Another important issue to consider in the context of tumorigenicity is the convenience of systemic, that is, intravenous route of MSC infusion. It was reported that only a minority of intravenously infused MSCs reaches the target tissue and then disappears after few days (see Tables 1 and 2 and Section 3 and Section 5.2) [72]. Our results showed that intravenously infused human MSCs were mostly stuck in the liver and lungs of ATG immunosuppressed mice, only few of them reached other tissues including the kidneys and intestine after MSC infusion [80]. Although MSCs mediate their effects mostly through paracrine action, massive trapping of dead and/or dying MSCs in pulmonary or liver circulation after intravenous infusion may represent some burden for ill organism. It is also not known whether all MSCs that are trapped in the lungs either die or some of them are able to survive or even transform (under special circumstances).

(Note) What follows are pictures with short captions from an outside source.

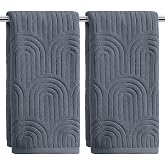 Artoid Mode 2 Pcs Grey 3D Arched Stripes Jacquard Hand Towels for Bathroom, 100% Cotton Soft Absorbent Bathroom Decor Towels, 13.7 x 29.5 Inch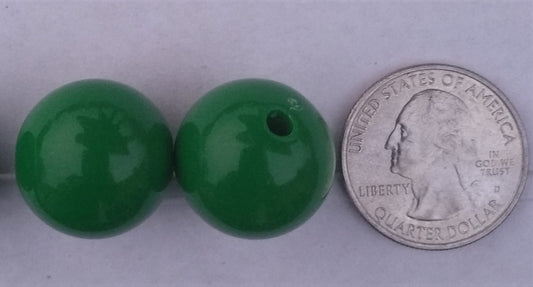 Bubble Gum Beads Round Acrylic Green Color 20mm - Krafts and Beads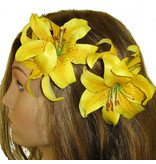 Yellow Double Lily Hair Flower 2 x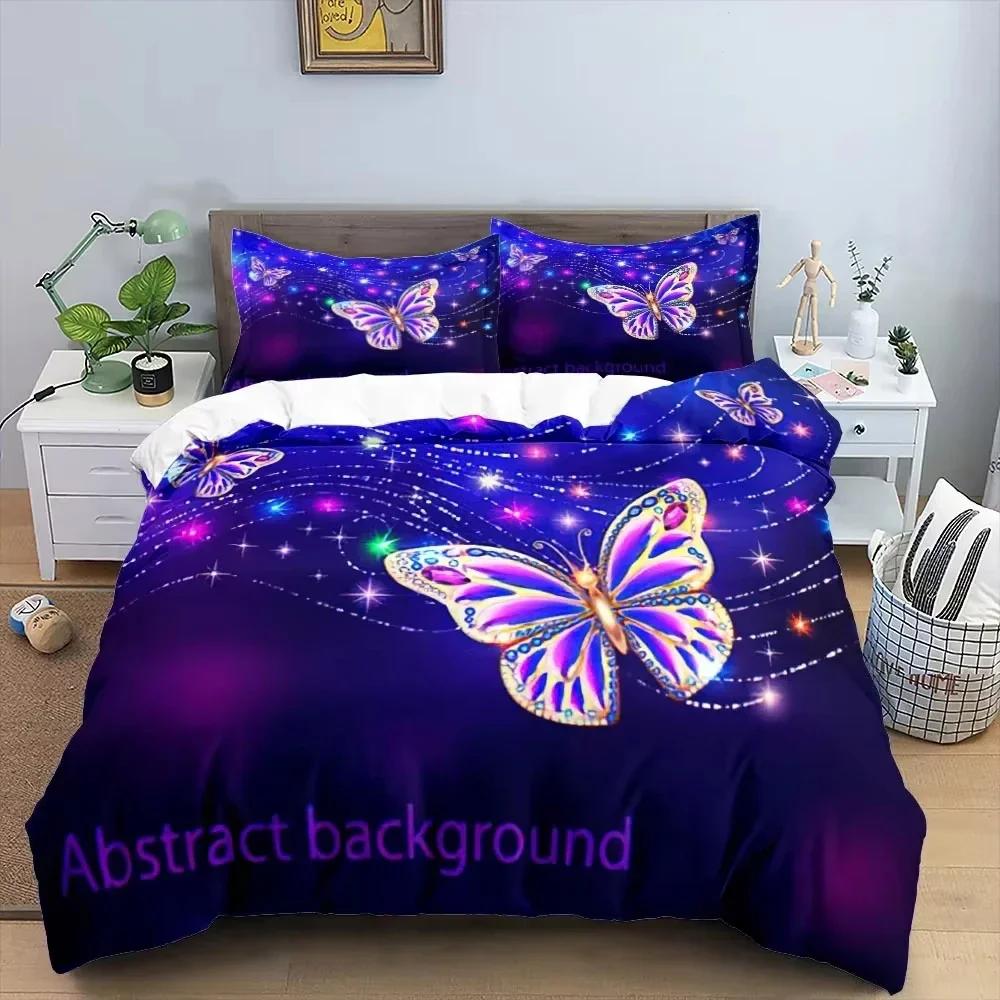 Comforter 3D Butterfly Flowers Luxury Home Bedding Set 3 Piece Set With 2 S Zipper Family Colleague Christmas Gift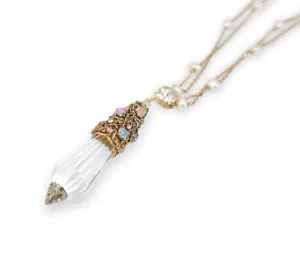 Swarovski Crystals Beaded Pearl Chain Matinee Necklace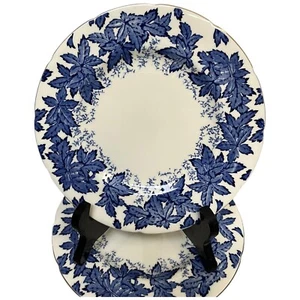 Vintage Coalport England Blue Leaves Transferware Dessert Salad Plates - Picture 1 of 5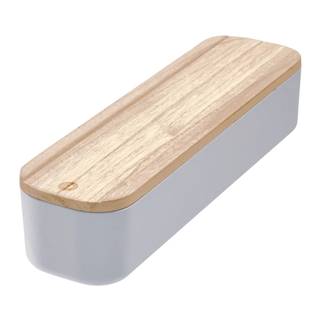 iDesign Sivý úložný box s vekom z dreva paulownia  Eco, 9 x 36,5 cm, značky iDesign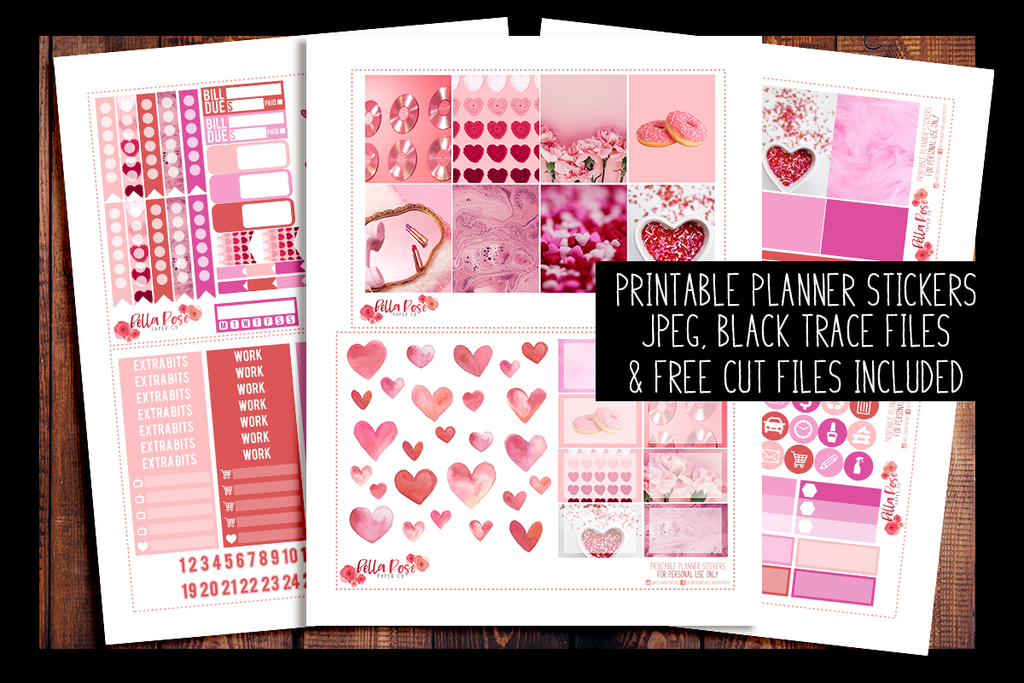 Valentine's Day Photo Planner Kit | PRINTABLE PLANNER STICKERS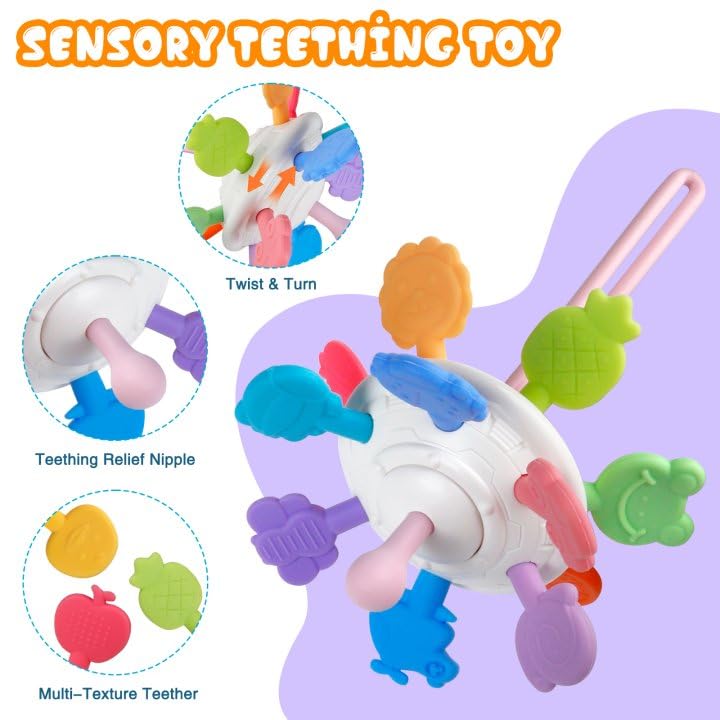 Plunack pull string teether promotes chewing and exploration on the go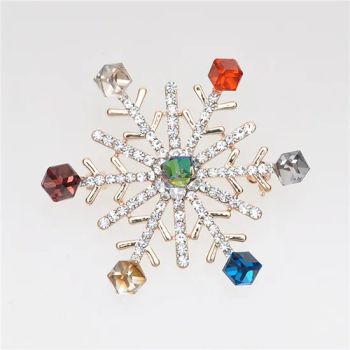 Top Selling Broche Jewelry Colorful Crystal Rhinestone Brooch Fashion Snowflake Brooch - Yiwu Beauty Jewelry Factory - China
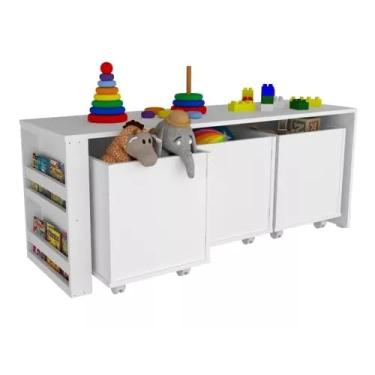 Imagem de Rack Com Baús Infantil Com Porta Livros Carmo 100% Mdf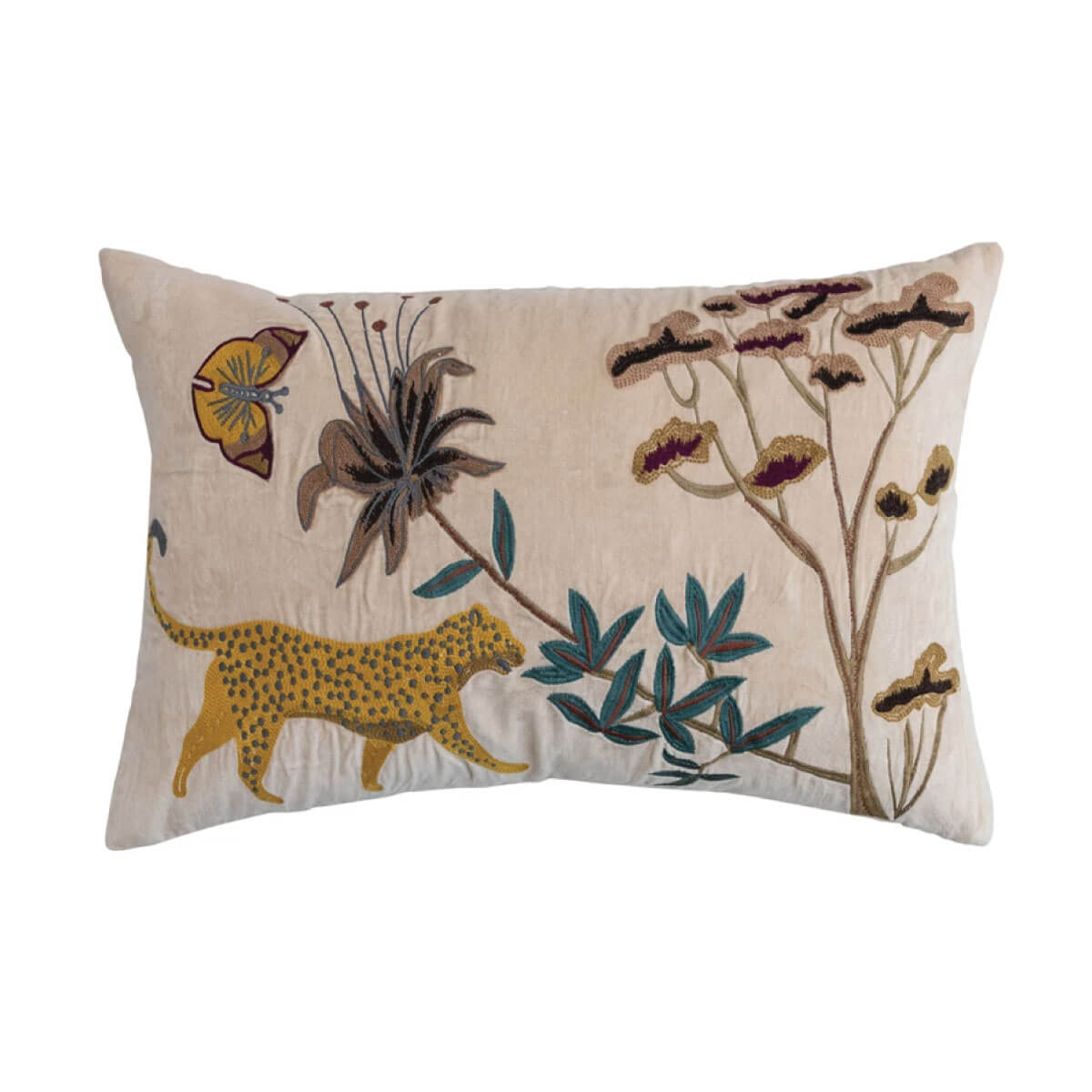 Flora & Fauna Embroidered Velvet Lumbar Pillow front | MILK MONEY milkmoney.co | Home decor online, Modern home decor, Luxury home furnishings, Best home decor, Home accessories for sale, Living room furniture sets, Kitchen decor ideas, Wall art for home, Bathroom accessories, Vintage home decor, Minimalist home decor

Probably, the most important issue associated with tumorigenicity of transplanted MSCs in this experimental model is uremic and immunocompromised status of the host. While there is not much disagreement regarding the influence of manufacturing practice and in vitro culture conditions, especially the duration of cell propagation on chromosomal stability of the MSCs [72] and there is also no disagreement that the immunocompromised state is predisposed to malignancies [81, 82], it is still hypothetical whether the physiological stress associated with the in vivo diseased environment, that is, uremic could also promote tumorigenicity in MSCs. Transplanted MSCs are believed to be confronted with cell death within a few days after transplantation due to a combination of harsh environmental conditions, anoikis, and inflammation [83, 84]. However, if not all MSCs die after transplantation but few of them were able to successfully engraft, then the survivors' exposure time to uremic environment is markedly prolonged. In the in vitro conditions, uremic toxins impaired human bone marrow-derived mesenchymal stem cell functionality. The harm was surprisingly not proceeded via induction of apoptosis but by promoting damage to cell membranes and altering the MSCs paracrine activity [85]. A negative influence of uremic toxins on functional characteristics of MSCs raises concern on their possible role in promoting malignant transdifferentiation of MSCs, which should be further explored.

7. Conclusion

Although numerous studies have shown that MSC treatment ameliorated AKI, it is important to be aware that there are many factors to consider before any conclusion about the effectiveness or safety of MSC therapy can be made. One important factor is the cisplatin model itself, because cisplatin have short-term immunosuppressive and long-term carcinogenic effects. Another important factor is stem cell quality. We have found that only few researchers used hMSC that met the proposed criteria [26]. Third factor is immune microenvironment. Many researchers used immunodeficient animals. However, not all nude mice or rats are the same or have the same immunological state. Since only few stated the exact code of animals (according to Nomenclature http://www.informatics.jax.org/nomen/strains.shtml), obtained results cannot be properly interpreted and can be misleading. Since both MSC research and cisplatin models are very complex and their underlying mechanism possess many open questions, it is of great importance to design experiments properly and state all necessary data (in accordance with ARRIVE guidelines [86] and the gold standard publication checklist [87]) to contribute to responsible conduct of animal research and to validate the results. Otherwise, it can happen that this strategy, while seems to work experimentally, will fail when applied to patients.